The const and stats arguments are optional. If either is included, it must be a logical constant—either TRUE or FALSE. (You can substitute 1 for TRUE and 0 for FALSE.) The default settings for const and stats are TRUE and FALSE, respectively. If you set const to FALSE, Excel forces b (the last term in the straight-line equation) to be 0. If you set stats to TRUE, the array returned by LINEST includes the following validation statistics.


se1 through sen


Standard error values for each coefficient

Seb Standard error value for the constant b
R2 Coefficient of determination
Sey Standard error value for y
F F statistic
Df Degrees of freedom
Ssreg Regression sum of squares
Ssresid Residual sum of squares

Before creating a formula using LINEST, you must select a range large enough to hold the result array returned by the function.
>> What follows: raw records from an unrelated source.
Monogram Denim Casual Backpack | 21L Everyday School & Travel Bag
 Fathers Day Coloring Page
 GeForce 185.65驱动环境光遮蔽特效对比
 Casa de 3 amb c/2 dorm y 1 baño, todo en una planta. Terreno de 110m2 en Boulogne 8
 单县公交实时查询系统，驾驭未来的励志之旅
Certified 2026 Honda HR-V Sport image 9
If you omit the stats argument (or set it explicitly to FALSE), the result array encompasses one cell for each of your independent variables and one cell for b. If you include the validation statistics, the result array looks like the following example. After selecting a range to contain the results array, type the function and then press Ctrl+Shift+Enter to enter the function in each cell of the result array.


mn   


mn1   


…   


m2   


m1   


b  

sen sen–1 se2 se1 seb
r2 Sey
F Df
ssreg Ssresid

Note that, with or without validation statistics, the coefficients and standard error values for your independent variables are returned in the opposite order from your input data. For example, if you have four independent variables organized in four columns, LINEST evaluates the leftmost column as x1, but it returns m1 in the fourth column of the result array.

Figure 1 shows a simple example of the use of LINEST with one independent variable.

 Note   The workbook used in this example, Analysis.xls, is included in the sample files download.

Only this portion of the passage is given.